Originally Posted by *nextcommercial* 

I do think what a lot of parents call gentle discipline is really a parent who either CAN'T control their child, or can't bear to see him or her unhappy.

This has also been my experience. While toyjacking is a pretty harsh term, I agree with your sentiment. There is a difference between gentle discipline and no discipline, and there is a difference between unconditional parenting and irresponsible parenting. Sometimes, parents think they are being loving by making sure their child is never upset or always gets what he/she wants. However, to me, that is ultimately just as unloving and abusive as the other extreme. When we base our decisions about parenting on a desire to keep our child from ever feeling upset, we really are doing it for ourselves because we are uncomfortable with those upset feelings.


----------



## kylesmama (Apr 25, 2005)

:

we're dealing with this too at our playgroup...just want to see everyone's input - it's hard to know when to step in & say something or when to let my ds deal with the other kids on his own...


----------



## mommy2abigail (Aug 20, 2005)

This has been happening too with us, though not at a playgroup, just at the playground. DD, who is 18 months, is often the youngest toddler there, and so virtually every time we are at the playground some kid gets rough with her, either intentionally, or by accident (usually with the other parent not supervising). Take today, there were two little boys (about 4 yo) climbing up the slide and then sliding down. Fine, I dont care if they do that, but there were other children wanting to slide. At that point, I expect a parent to intervene, say something like "Joey, there are other kids waiting to slide. Use the steps to go up, and then slide down the slide. When there are no other children wanting to slide, you can climb up the slide if you want." But when mama is chatting away on her cell phone, or reading a book, and not paying attention, I just take it upon myself to say something. Today, this particular little boy cut dd off 3 times in a row, as she was trying to slide. He would run up the slide, sit right in front of her, and repeat. She was getting frustrated, so I said "See how she is waiting for a turn? Please slide down and then let her slide" He slid down, and proceeded to climb back up. I repeated my statement "Look at her waiting for a turn. Please let her go down after you." He slid down, and climbed back up. At this point my mama bear instinct as kicking in and I said "You need to get off the slide now. When she is done, you can climb back on the slide." At which point his mother FINALLY did something. She said "Joey, stop being mean. Be nice. Get off the slide."

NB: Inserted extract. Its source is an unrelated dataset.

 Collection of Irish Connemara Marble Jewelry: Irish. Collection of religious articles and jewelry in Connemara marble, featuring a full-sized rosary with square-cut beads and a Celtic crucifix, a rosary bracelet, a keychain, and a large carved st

: DD then slid down the slide, and he proceeded to kick her in the head, as he climbed up the slide again. I comforted dd, she was actually fine, but I wanted to make sure. Then I said to the boy, "You kicked her in the head. You need to be careful around the little ones." He of course ignored me. So I took dd elsewhere. I try to judge from her actions what to do. If someone takes a toy, but she moves on to something else easily, I let it go. If someone says "You can't play with us" And she goes to something else, I let it go (I realize she doesn't understand much yet) If she puts up a fight for the toy, or continues to follow said kid around, I will intervene if the parents are not. I will always be gentle, speaking how I speak to my dd. However, I do not let her get hurt, either emotionally or physically. But, I do let alot go. I know someday, she will be the one who is bigger, and I'll need to be extra vigilent about reminding her to be gentle. And she will encounter all sorts of people, so I want her to (eventually) be able to speak up for herself and be assertive. I do model the words she can say, since she isn't really talking. IE, I'll say "DD, you had that toy, and so-and-so took it from you. You dont like that. You want to toy back. So-and-so, please give that toy back to dd, and when she is done, you may have a turn. In the meantime, how about playing with this?" If that doesn't work, I 5-step the kid. (step 1)"So-and-so, you need to give that toy back to dd. (step 2)Do you need my help? (give some time to answer) (if they dont give it back...) (step 3)Ok, I see you need my help. I am going to count to 3 and on three we'll give it back together.(step 4) 1, 2, 3! (step 5)(Gently take the toy and give it back to dd) (quickly, distract/redirect) Here, why dont you go down the slide/dig in the sand/ect."
So, I guess that what I am trying to say is that while I do let most things slide, I will intervene if dd is having a hard time, gets hurt, or is asking for help. I try to locate a parent, but most times, they weren't paying attention anyway, that's why the incedent happened in the first place. HTH


----------



## ejsmama (Jun 20, 2006)

Thanks - that 5 step idea was really helpful! Sometimes, unfortunately, we have to step in and parent other people's kids for the safety and well being of our own. It is also helpful to hear when you let things slide.


----------



## LuckyMommaToo (Aug 14, 2003)

I think it's particularly tough when you don't know the other mommas. In our group, here's what we do (this is similar to what mommy2abigail describes). Let's say there are two kids, A and B. A snatches B's toy. B is upset. I would say, "B, you're upset. You need to tell A. Tell A that you were playing with that, and he can have a turn when you're done." If B won't surrender the toy, we help retrieve it in the way mommy2abigail describes.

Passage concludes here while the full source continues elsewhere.